Question

Show that the diagonals of a square are equal and bisect each other at right angles.

Answer 1

We are given a square with vertices \( A \), \( B \), \( C \), and \( D \). Let the diagonals be \( AC \) and \( BD \). We need to show that:

• The diagonals are equal in length.
• The diagonals bisect each other at right angles.

Step 1: Show that the diagonals are equal in length

In a square, all sides are equal. Let the side length of the square be \( s \). The diagonals of a square are congruent (equal in length) and intersect each other at right angles. We can prove this using the Pythagorean theorem in triangle \( ABC \). Since the square is a rectangle, the diagonals form two right-angled triangles. In right-angled triangle \( ABC \), we have: \[ AC^2 = AB^2 + BC^2 \] Since \( AB = BC = s \), we get: \[ AC^2 = s^2 + s^2 = 2s^2 \] Therefore: \[ AC = \sqrt{2s^2} = s\sqrt{2} \] Similarly, the diagonal \( BD \) will also have the length \( s\sqrt{2} \), as it is congruent to diagonal \( AC \). Hence, the diagonals are equal in length.

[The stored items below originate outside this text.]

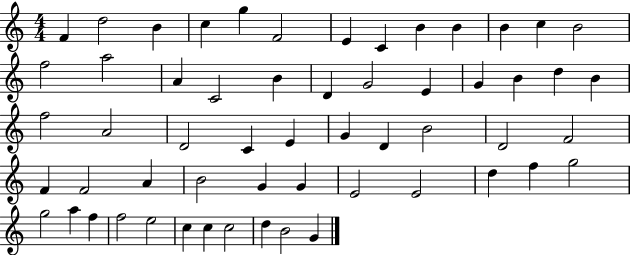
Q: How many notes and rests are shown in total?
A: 57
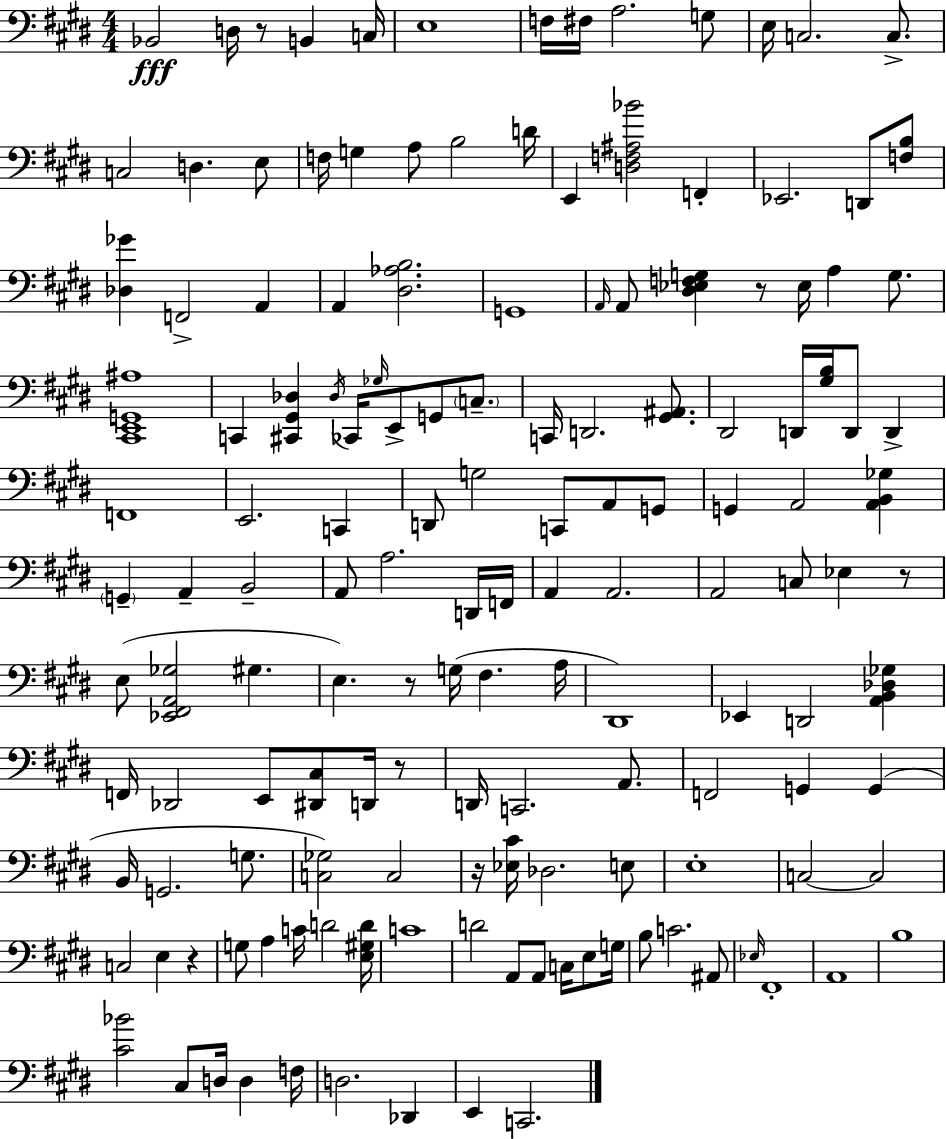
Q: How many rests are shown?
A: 7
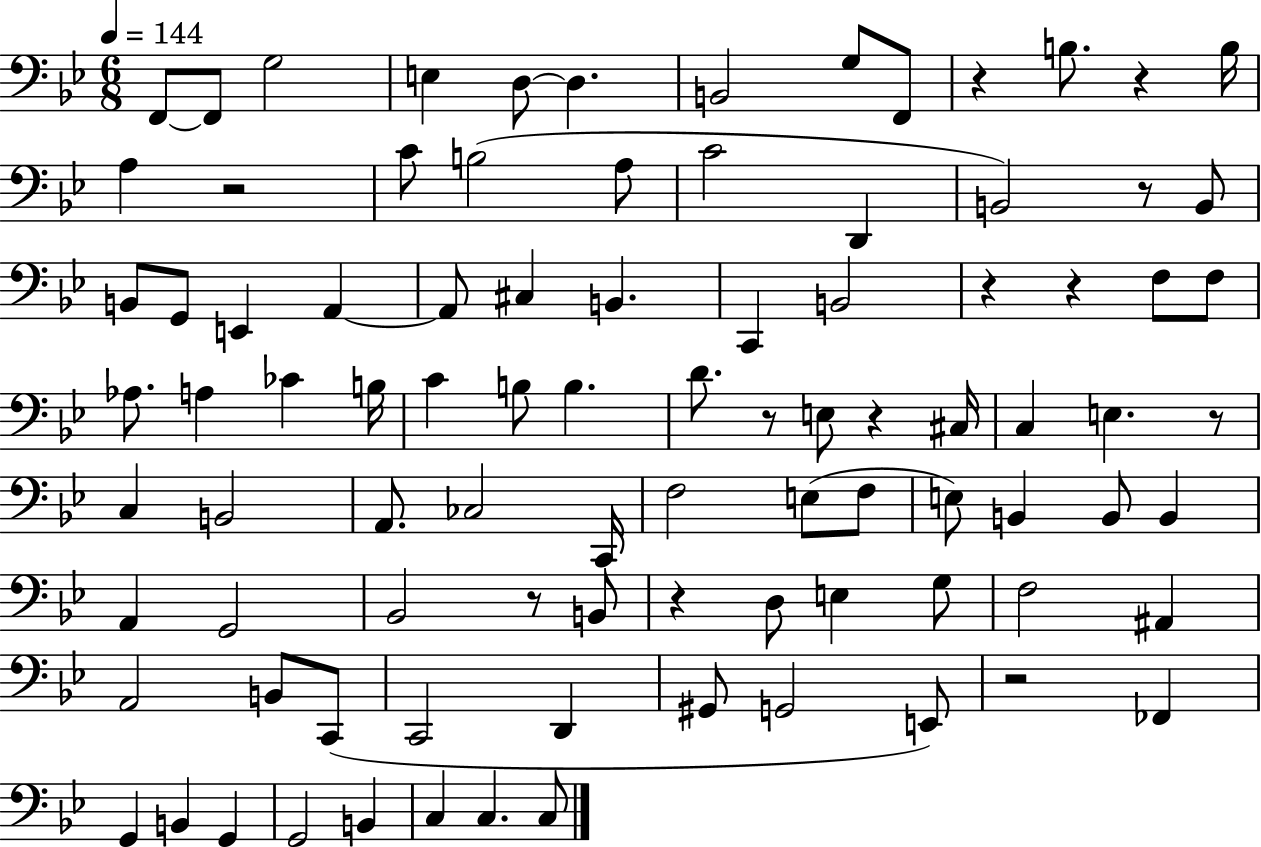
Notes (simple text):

F2/e F2/e G3/h E3/q D3/e D3/q. B2/h G3/e F2/e R/q B3/e. R/q B3/s A3/q R/h C4/e B3/h A3/e C4/h D2/q B2/h R/e B2/e B2/e G2/e E2/q A2/q A2/e C#3/q B2/q. C2/q B2/h R/q R/q F3/e F3/e Ab3/e. A3/q CES4/q B3/s C4/q B3/e B3/q. D4/e. R/e E3/e R/q C#3/s C3/q E3/q. R/e C3/q B2/h A2/e. CES3/h C2/s F3/h E3/e F3/e E3/e B2/q B2/e B2/q A2/q G2/h Bb2/h R/e B2/e R/q D3/e E3/q G3/e F3/h A#2/q A2/h B2/e C2/e C2/h D2/q G#2/e G2/h E2/e R/h FES2/q G2/q B2/q G2/q G2/h B2/q C3/q C3/q. C3/e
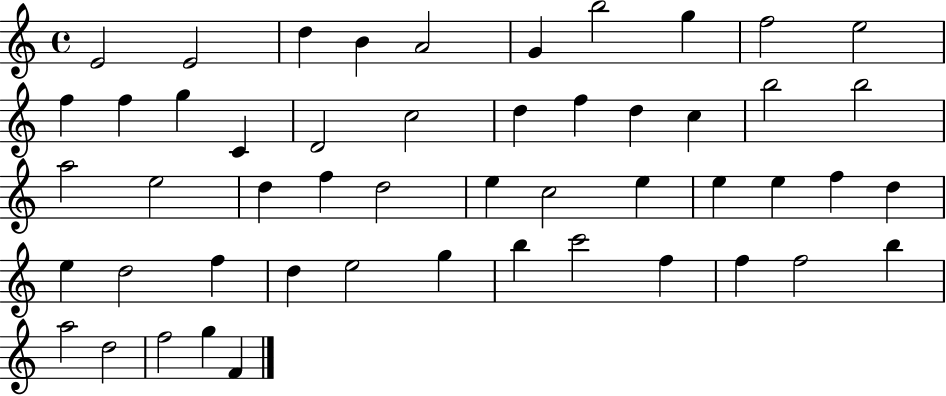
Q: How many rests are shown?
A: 0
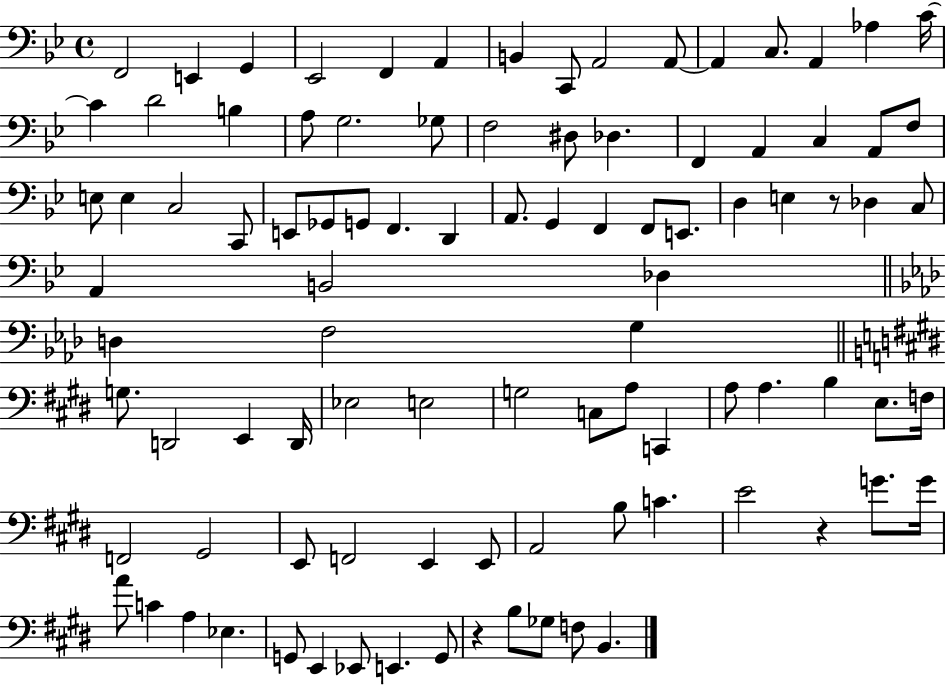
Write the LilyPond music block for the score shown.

{
  \clef bass
  \time 4/4
  \defaultTimeSignature
  \key bes \major
  f,2 e,4 g,4 | ees,2 f,4 a,4 | b,4 c,8 a,2 a,8~~ | a,4 c8. a,4 aes4 c'16~~ | \break c'4 d'2 b4 | a8 g2. ges8 | f2 dis8 des4. | f,4 a,4 c4 a,8 f8 | \break e8 e4 c2 c,8 | e,8 ges,8 g,8 f,4. d,4 | a,8. g,4 f,4 f,8 e,8. | d4 e4 r8 des4 c8 | \break a,4 b,2 des4 | \bar "||" \break \key aes \major d4 f2 g4 | \bar "||" \break \key e \major g8. d,2 e,4 d,16 | ees2 e2 | g2 c8 a8 c,4 | a8 a4. b4 e8. f16 | \break f,2 gis,2 | e,8 f,2 e,4 e,8 | a,2 b8 c'4. | e'2 r4 g'8. g'16 | \break a'8 c'4 a4 ees4. | g,8 e,4 ees,8 e,4. g,8 | r4 b8 ges8 f8 b,4. | \bar "|."
}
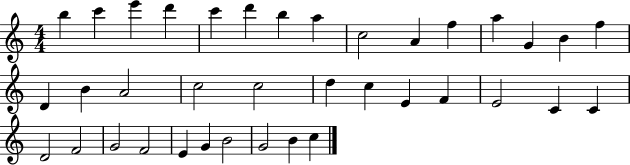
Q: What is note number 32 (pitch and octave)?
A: E4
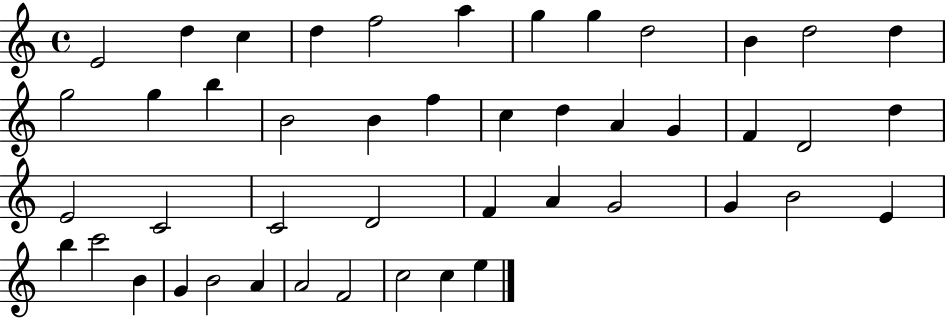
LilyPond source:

{
  \clef treble
  \time 4/4
  \defaultTimeSignature
  \key c \major
  e'2 d''4 c''4 | d''4 f''2 a''4 | g''4 g''4 d''2 | b'4 d''2 d''4 | \break g''2 g''4 b''4 | b'2 b'4 f''4 | c''4 d''4 a'4 g'4 | f'4 d'2 d''4 | \break e'2 c'2 | c'2 d'2 | f'4 a'4 g'2 | g'4 b'2 e'4 | \break b''4 c'''2 b'4 | g'4 b'2 a'4 | a'2 f'2 | c''2 c''4 e''4 | \break \bar "|."
}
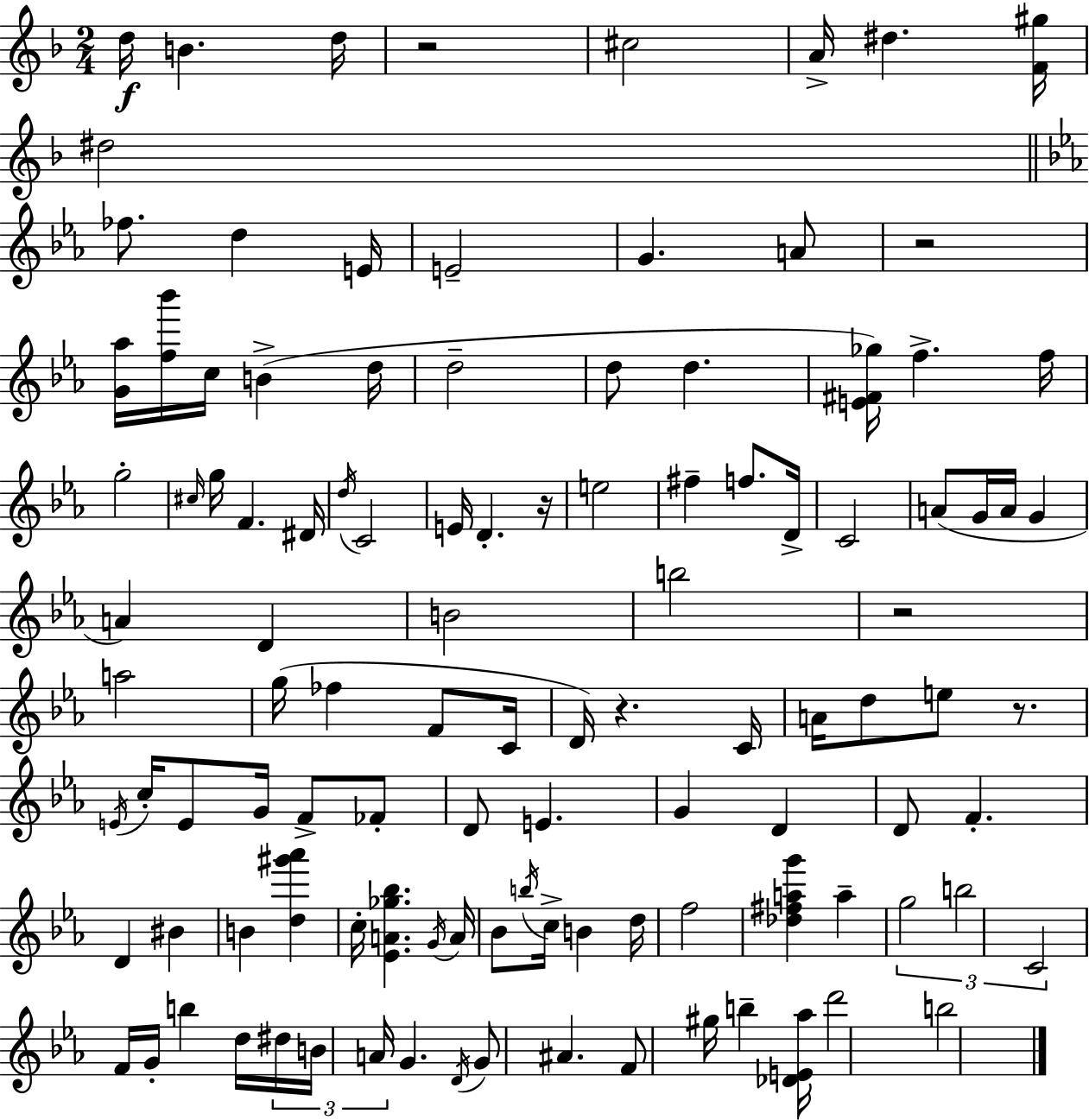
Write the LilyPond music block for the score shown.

{
  \clef treble
  \numericTimeSignature
  \time 2/4
  \key d \minor
  d''16\f b'4. d''16 | r2 | cis''2 | a'16-> dis''4. <f' gis''>16 | \break dis''2 | \bar "||" \break \key c \minor fes''8. d''4 e'16 | e'2-- | g'4. a'8 | r2 | \break <g' aes''>16 <f'' bes'''>16 c''16 b'4->( d''16 | d''2-- | d''8 d''4. | <e' fis' ges''>16) f''4.-> f''16 | \break g''2-. | \grace { cis''16 } g''16 f'4. | dis'16 \acciaccatura { d''16 } c'2 | e'16 d'4.-. | \break r16 e''2 | fis''4-- f''8. | d'16-> c'2 | a'8( g'16 a'16 g'4 | \break a'4) d'4 | b'2 | b''2 | r2 | \break a''2 | g''16( fes''4 f'8 | c'16 d'16) r4. | c'16 a'16 d''8 e''8 r8. | \break \acciaccatura { e'16 } c''16-. e'8 g'16 f'8-> | fes'8-. d'8 e'4. | g'4 d'4 | d'8 f'4.-. | \break d'4 bis'4 | b'4 <d'' gis''' aes'''>4 | c''16-. <ees' a' ges'' bes''>4. | \acciaccatura { g'16 } a'16 bes'8 \acciaccatura { b''16 } c''16-> | \break b'4 d''16 f''2 | <des'' fis'' a'' g'''>4 | a''4-- \tuplet 3/2 { g''2 | b''2 | \break c'2 } | f'16 g'16-. b''4 | d''16 \tuplet 3/2 { dis''16 b'16 a'16 } g'4. | \acciaccatura { d'16 } g'8 | \break ais'4. f'8 | gis''16 b''4-- <des' e' aes''>16 d'''2 | b''2 | \bar "|."
}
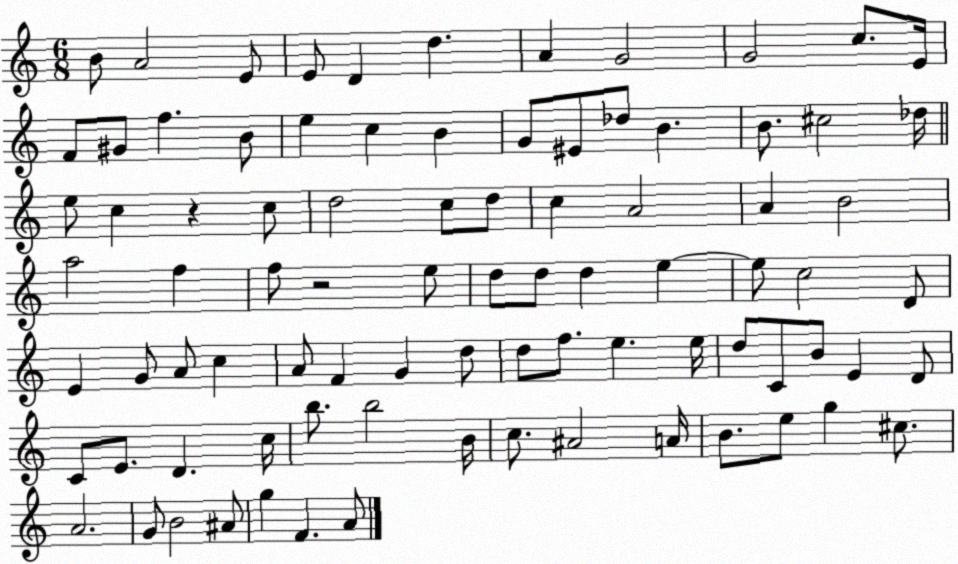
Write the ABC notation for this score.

X:1
T:Untitled
M:6/8
L:1/4
K:C
B/2 A2 E/2 E/2 D d A G2 G2 c/2 E/4 F/2 ^G/2 f B/2 e c B G/2 ^E/2 _d/2 B B/2 ^c2 _d/4 e/2 c z c/2 d2 c/2 d/2 c A2 A B2 a2 f f/2 z2 e/2 d/2 d/2 d e e/2 c2 D/2 E G/2 A/2 c A/2 F G d/2 d/2 f/2 e e/4 d/2 C/2 B/2 E D/2 C/2 E/2 D c/4 b/2 b2 B/4 c/2 ^A2 A/4 B/2 e/2 g ^c/2 A2 G/2 B2 ^A/2 g F A/2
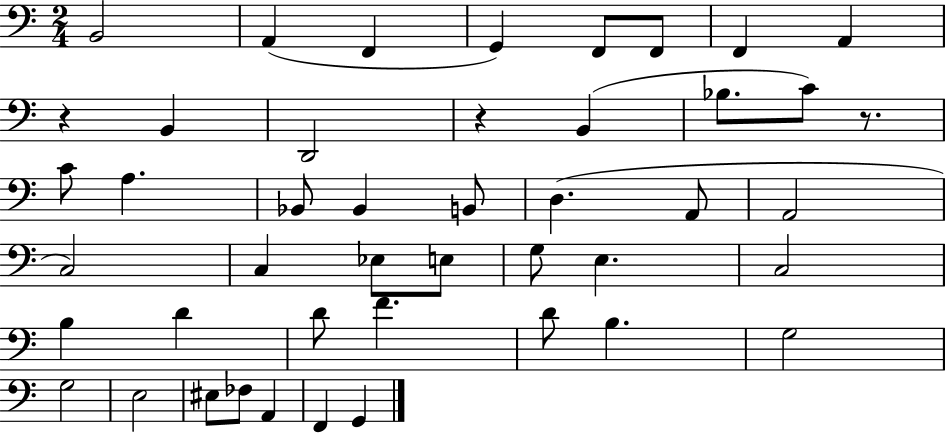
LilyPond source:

{
  \clef bass
  \numericTimeSignature
  \time 2/4
  \key c \major
  b,2 | a,4( f,4 | g,4) f,8 f,8 | f,4 a,4 | \break r4 b,4 | d,2 | r4 b,4( | bes8. c'8) r8. | \break c'8 a4. | bes,8 bes,4 b,8 | d4.( a,8 | a,2 | \break c2) | c4 ees8 e8 | g8 e4. | c2 | \break b4 d'4 | d'8 f'4. | d'8 b4. | g2 | \break g2 | e2 | eis8 fes8 a,4 | f,4 g,4 | \break \bar "|."
}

Step 2: Show that the diagonals bisect each other at right angles

Since the diagonals of a square are equal and intersect each other, they must bisect each other at right angles. This is a well-known property of squares. We can also prove this by considering that the diagonals divide the square into four congruent right-angled triangles. Each of these triangles will have the same base and height, so their angles are equal. Since the diagonals are equal, they will bisect each other into two equal parts, and the angle between them is \( 90^\circ \). Therefore, the diagonals of the square bisect each other at right angles.

Final Conclusion:

Hence, we have proved that the diagonals of a square:

• Are equal in length.
• Bisect each other at right angles.